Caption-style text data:
—————
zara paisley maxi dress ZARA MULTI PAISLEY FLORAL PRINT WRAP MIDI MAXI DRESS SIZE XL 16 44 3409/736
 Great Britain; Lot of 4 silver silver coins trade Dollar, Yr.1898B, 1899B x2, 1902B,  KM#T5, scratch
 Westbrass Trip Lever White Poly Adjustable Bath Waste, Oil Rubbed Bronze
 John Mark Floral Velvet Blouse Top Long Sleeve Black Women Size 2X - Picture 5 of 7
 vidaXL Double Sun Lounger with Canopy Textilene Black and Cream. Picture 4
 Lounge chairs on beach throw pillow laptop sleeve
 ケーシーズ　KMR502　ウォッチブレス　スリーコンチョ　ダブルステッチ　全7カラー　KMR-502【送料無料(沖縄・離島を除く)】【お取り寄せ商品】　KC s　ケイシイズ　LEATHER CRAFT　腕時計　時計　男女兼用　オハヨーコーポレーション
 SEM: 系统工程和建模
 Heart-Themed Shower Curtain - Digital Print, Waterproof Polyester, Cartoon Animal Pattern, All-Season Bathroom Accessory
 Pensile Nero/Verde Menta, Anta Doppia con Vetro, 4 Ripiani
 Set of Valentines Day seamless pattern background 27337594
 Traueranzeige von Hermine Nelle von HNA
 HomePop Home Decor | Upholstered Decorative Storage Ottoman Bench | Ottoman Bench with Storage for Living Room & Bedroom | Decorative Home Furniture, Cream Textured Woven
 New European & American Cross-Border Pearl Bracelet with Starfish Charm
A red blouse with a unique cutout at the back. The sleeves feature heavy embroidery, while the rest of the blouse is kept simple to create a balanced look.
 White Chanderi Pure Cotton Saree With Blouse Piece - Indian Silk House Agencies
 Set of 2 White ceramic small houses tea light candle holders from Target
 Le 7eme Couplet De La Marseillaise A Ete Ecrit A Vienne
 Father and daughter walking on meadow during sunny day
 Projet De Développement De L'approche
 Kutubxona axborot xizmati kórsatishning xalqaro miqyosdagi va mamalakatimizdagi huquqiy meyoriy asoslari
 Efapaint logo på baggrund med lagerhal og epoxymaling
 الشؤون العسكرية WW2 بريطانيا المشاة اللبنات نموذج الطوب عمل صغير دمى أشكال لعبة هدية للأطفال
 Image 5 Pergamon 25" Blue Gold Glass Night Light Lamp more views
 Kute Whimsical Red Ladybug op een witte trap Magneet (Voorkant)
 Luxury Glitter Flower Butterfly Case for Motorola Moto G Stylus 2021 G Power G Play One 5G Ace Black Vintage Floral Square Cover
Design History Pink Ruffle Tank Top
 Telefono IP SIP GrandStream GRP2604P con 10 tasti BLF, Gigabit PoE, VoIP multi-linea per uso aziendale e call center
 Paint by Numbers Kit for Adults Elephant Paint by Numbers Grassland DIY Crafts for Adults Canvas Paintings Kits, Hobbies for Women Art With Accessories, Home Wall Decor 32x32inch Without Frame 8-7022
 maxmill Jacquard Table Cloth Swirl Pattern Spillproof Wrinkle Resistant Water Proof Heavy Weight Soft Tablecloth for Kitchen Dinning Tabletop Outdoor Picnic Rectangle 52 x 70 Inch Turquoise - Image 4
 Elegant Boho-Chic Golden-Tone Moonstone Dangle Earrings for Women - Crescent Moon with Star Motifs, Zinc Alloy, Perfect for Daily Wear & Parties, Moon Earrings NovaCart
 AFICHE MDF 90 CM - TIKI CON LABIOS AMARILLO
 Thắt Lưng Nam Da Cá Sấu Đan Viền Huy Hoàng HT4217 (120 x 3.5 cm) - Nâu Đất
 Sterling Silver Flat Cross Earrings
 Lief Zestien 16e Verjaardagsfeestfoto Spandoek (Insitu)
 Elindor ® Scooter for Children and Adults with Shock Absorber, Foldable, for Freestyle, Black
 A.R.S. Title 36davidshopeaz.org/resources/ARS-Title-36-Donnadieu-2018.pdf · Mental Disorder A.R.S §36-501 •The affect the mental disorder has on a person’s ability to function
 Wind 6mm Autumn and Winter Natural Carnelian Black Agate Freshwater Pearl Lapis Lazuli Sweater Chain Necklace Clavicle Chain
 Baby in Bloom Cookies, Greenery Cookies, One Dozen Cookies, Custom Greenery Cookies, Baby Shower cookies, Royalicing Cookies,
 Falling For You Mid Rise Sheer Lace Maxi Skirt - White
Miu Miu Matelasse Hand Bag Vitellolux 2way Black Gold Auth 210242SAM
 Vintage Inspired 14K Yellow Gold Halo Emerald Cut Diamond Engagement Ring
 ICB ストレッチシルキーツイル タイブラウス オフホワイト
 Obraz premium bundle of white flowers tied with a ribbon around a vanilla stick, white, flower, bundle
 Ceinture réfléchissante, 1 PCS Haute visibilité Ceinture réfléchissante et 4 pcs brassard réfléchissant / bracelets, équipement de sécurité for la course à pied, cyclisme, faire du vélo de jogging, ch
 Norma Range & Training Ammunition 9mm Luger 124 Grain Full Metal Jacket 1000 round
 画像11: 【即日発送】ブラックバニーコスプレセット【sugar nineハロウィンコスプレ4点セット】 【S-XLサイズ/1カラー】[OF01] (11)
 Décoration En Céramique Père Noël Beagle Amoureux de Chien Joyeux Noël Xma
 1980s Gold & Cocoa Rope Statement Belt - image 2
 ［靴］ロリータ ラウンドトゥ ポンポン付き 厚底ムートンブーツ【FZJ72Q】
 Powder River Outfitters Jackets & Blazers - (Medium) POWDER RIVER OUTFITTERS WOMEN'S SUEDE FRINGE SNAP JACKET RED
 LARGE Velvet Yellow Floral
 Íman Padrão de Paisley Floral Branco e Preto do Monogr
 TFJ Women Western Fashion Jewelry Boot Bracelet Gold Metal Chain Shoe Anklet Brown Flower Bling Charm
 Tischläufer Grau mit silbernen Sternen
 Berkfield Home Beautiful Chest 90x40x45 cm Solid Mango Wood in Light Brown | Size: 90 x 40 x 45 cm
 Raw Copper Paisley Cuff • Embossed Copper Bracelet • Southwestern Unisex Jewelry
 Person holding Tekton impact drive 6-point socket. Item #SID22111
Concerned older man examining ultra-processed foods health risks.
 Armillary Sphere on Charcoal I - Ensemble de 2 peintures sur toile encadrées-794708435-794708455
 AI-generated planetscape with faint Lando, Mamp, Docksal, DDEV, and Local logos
—————
EXERCISE AIM
Where a line above contains the string "Pearl", copy that line.

SOLUTION BELOW
 New European & American Cross-Border Pearl Bracelet with Starfish Charm
 Wind 6mm Autumn and Winter Natural Carnelian Black Agate Freshwater Pearl Lapis Lazuli Sweater Chain Necklace Clavicle Chain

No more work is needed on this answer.